• What you are asked to do:
Go to the line containing "K. Sturzenegger: 7 Quartets" in the records below and retype from there through the final line, exactly.

::: Exercise data :::

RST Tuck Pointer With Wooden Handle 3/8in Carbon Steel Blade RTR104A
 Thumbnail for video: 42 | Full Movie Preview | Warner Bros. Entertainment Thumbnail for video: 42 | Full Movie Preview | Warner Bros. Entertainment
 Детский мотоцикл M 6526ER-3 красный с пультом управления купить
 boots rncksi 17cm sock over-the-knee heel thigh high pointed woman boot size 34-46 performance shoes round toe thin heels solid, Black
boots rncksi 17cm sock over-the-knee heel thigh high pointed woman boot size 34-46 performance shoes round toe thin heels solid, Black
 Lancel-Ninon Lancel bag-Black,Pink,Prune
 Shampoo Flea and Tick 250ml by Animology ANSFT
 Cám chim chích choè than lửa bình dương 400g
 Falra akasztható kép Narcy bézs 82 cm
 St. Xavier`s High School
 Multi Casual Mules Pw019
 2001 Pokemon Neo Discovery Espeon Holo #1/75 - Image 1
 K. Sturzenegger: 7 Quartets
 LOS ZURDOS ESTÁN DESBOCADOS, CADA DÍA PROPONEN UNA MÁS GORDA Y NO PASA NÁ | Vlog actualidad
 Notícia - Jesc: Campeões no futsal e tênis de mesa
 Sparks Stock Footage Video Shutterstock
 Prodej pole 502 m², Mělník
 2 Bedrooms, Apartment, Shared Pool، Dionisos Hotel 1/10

:::

• Response:
 K. Sturzenegger: 7 Quartets
 LOS ZURDOS ESTÁN DESBOCADOS, CADA DÍA PROPONEN UNA MÁS GORDA Y NO PASA NÁ | Vlog actualidad
 Notícia - Jesc: Campeões no futsal e tênis de mesa
 Sparks Stock Footage Video Shutterstock
 Prodej pole 502 m², Mělník
 2 Bedrooms, Apartment, Shared Pool، Dionisos Hotel 1/10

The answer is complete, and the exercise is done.